The money growth rule was intended to allow interest rates, which affect the cost of credit, to be flexible to enable borrowers and lenders to take account of expected inflation as well as the variations in real interest rates. They also assert that government intervention can often destabilize the economy more than help it. Keynesians, who took their inspiration from the great British economist John Maynard Keynes, believe that demand for goods and services is the key to economic output.
They contend that monetarism falters as an adequate explanation of the economy because velocity is inherently unstable and attach little or no significance to the quantity theory of money and the monetarist call for rules. Keynesians also do not believe that markets adjust to disruptions and quickly return to a full employment level of output.
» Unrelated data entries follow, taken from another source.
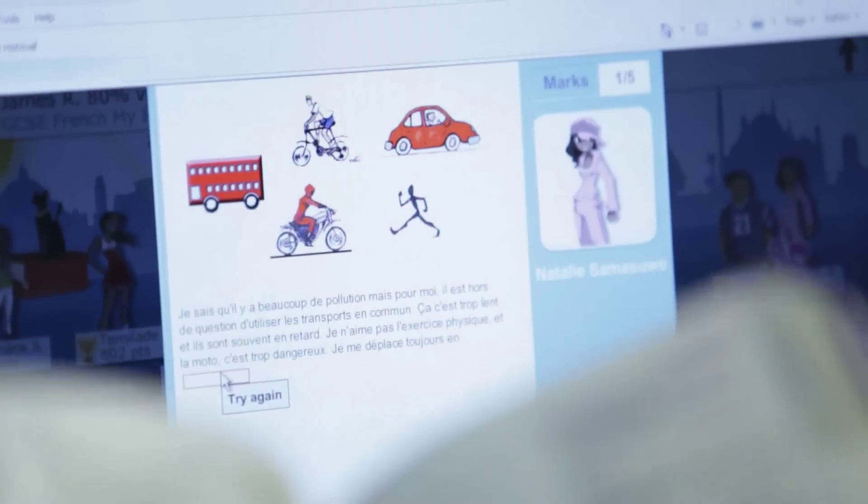I use SAM Learning at home and at school, but I find it benefits me more when I'm at home. I just feel that when you're on your own, you can compete against your friends and you really benefit from it.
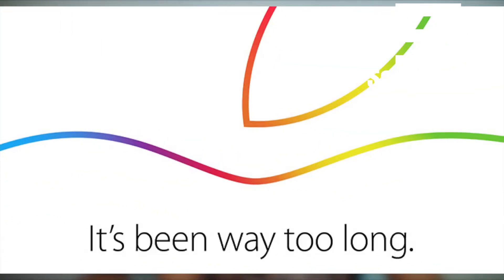Apple has posted an invite for their October 16th event, which says 'it's been way too long.' The first product we're definitely going to see at this event is an updated version of the iPad Air.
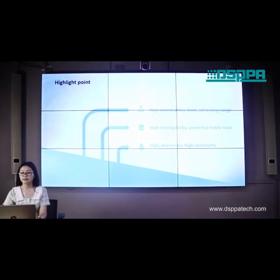In brief, they offer high sound pressure level, ultra long range, high intelligibility, powerful tone, high directivity, and high sensitivity.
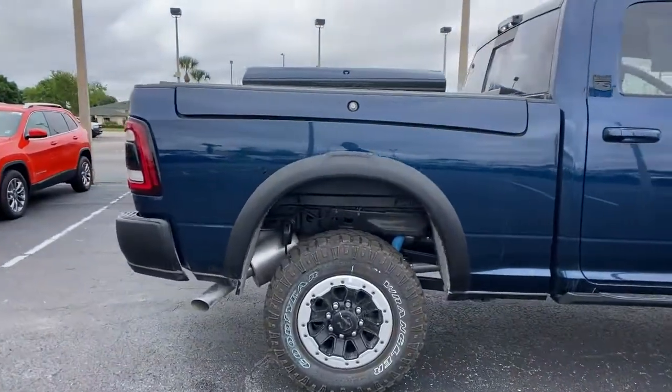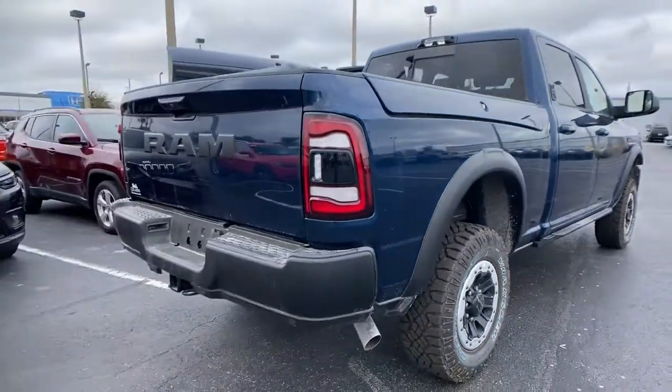Attack your projects with the strength and power that leaves no room for doubt. Drive the Ram 2500.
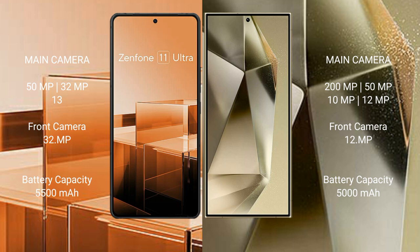Asus Zenfone 11 Ultra features a triple rear camera setup: 50MP main, 32MP, and 13MP lenses, with a 32MP front camera.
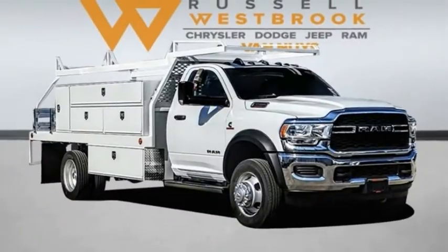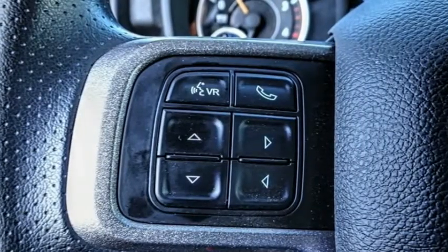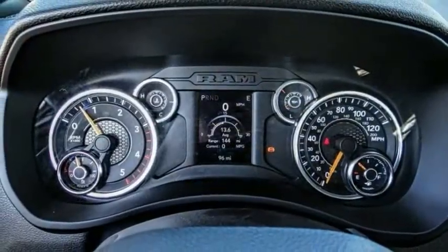Looking for the right vehicle? Check out the 2021 Chassis Cab. The Ram Chassis Cab screams heavy duty. The ability to tailor this truck for your needs will leave you little reason to look at anything else.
But the monetarist challenge to the traditional Keynesian theory strengthened during the s, a decade characterized by high and rising inflation and slow economic growth.
Keynesian theory had no appropriate policy responses, while Friedman and other monetarists argued convincingly that the high rates of inflation were due to rapid increases in the money supply, making control of the money supply the key to good policy. Volcker became chairman of the Fed and made fighting inflation its primary objective. The Fed restricted the money supply in accordance with the Friedman rule to tame inflation and succeeded.
Inflation subsided dramatically, although at the cost of a big recession.
Monetarist Theory of Inflation
When Margaret Thatcher was elected prime minister inBritain had endured several years of severe inflation. Thatcher implemented monetarism as the weapon against rising prices, and succeeded in halving inflation, to less than 5 percent by The money supply is useful as a policy target only if the relationship between money and nominal GDP, and therefore inflation, is stable and predictable.
That is, if the supply of money rises, so does nominal GDP, and vice versa. To achieve that direct effect, though, the velocity of money must be predictable. The rate of growth of money, adjusted for a predictable level of velocity, determined nominal GDP. But in the s and s velocity became highly unstable with unpredictable periods of increases and declines. The link between the money supply and nominal GDP broke down, and the usefulness of the quantity theory of money came into question.